CdmParser KVN Enhancements

Hi,

I’ve seen some CDMs that Orekit’s CdmParser is not able to parse.

In one case there is not value between the number and the units, e.g.

CTDOT_TDOT     =0.0001[m**2/s**2]

I know the CCSDS standard in Section 6.3.3 says “there must be at least one blank character between the value and the units”, but in this case it shouldn’t be to hard to separate them. Note that Orekit’s own KvnGenerator will generate files like this with no space between the value and units if the units and alignment columns are too close.

I’ve also seen lines like the following with just a bunch of blanks after the =.

TIME_LASTOB_START     =          

I don’t see in the CCSDS standard where it says the key shall not appear when an optional value is not present. So I think this one could be considered standard conforming.

Any issues if I update the CDM parser to be able to accept these kinds of lines in a file?

I think we all agree on the fact we should be lenient in accepting slightly malformed files (as long as the intent is obvious), so go ahead with a fix.
And we should also fix our own generation to insert the missing space in the files we write ourselves!

2 Likes

Ran into an issue where OCM has a field:

SOLVE_STATES = POS[3], VEL[3]

which under the new relaxed parsing will treat the last “[3]” as the units specification.

There is also the ambiguous case where it’s not clear whether a string in brackets “[d]” is the units or the value.
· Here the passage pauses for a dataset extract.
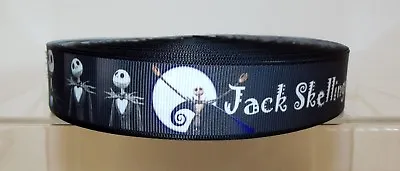 Jack Skellington Grosgrain Ribbon 16/25mm Wide 1m 2m 5m Black • £1.70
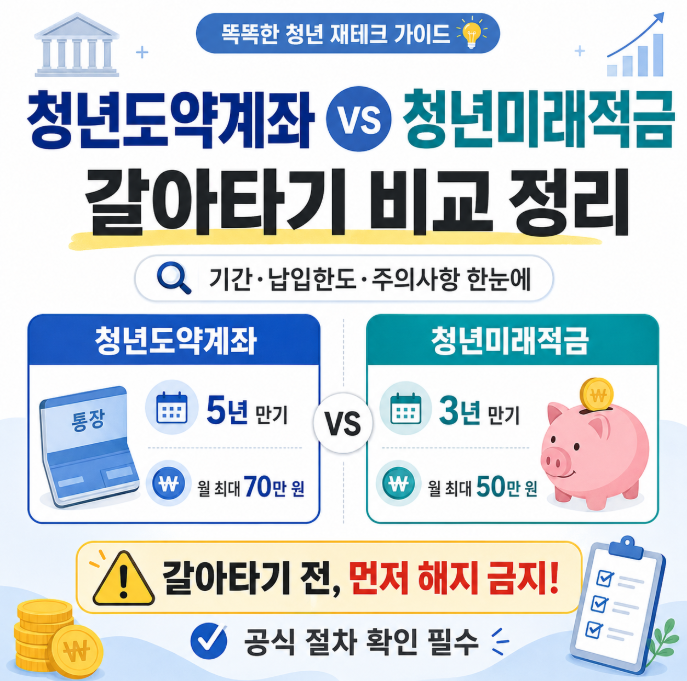 청년도약계좌 청년미래적금 갈아타기 비교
E.g.

ACTUAL_OD_SPAN = [d]

These cases could be resolved if the lexical analyzer knew which keys allow units. E.g. SOLVE_STATES doesn’t have units, so the [3] is part of the value, ACTUAL_OD_SPAN does have units so the [d] is the units. But that would seem to break the nice separation of concerns in the current implementation between the lexical analyzer, which deals with text, and the Parser classes, which deal with the semantics. Not to mention it would be a larger effort.

What are your thoughts @luc on a path forward?

Perhaps restrict the units regex to require at least one letter, percent, degree, arc minute, or arc second symbol? That would fix the issue in the unit test, but could be confused by other free text fields.

Or perhaps keep the existing behavior in the lexical analyzer and create filters that replace a ParseToken(value="1[d]") with ParseToken(value="1", units="[d]"), and similarly for the other issue. It would be opt-in so it wouldn’t break the existing code, but would still suffer the same issues when it comes to resolving ambiguous cases.

In fact, a single integer is an acceptable unit. This is because there are some formats that have units like 1/s. ParserTest.testOne() just tests that “1” can be parsed as a unit.

I have to think more about this.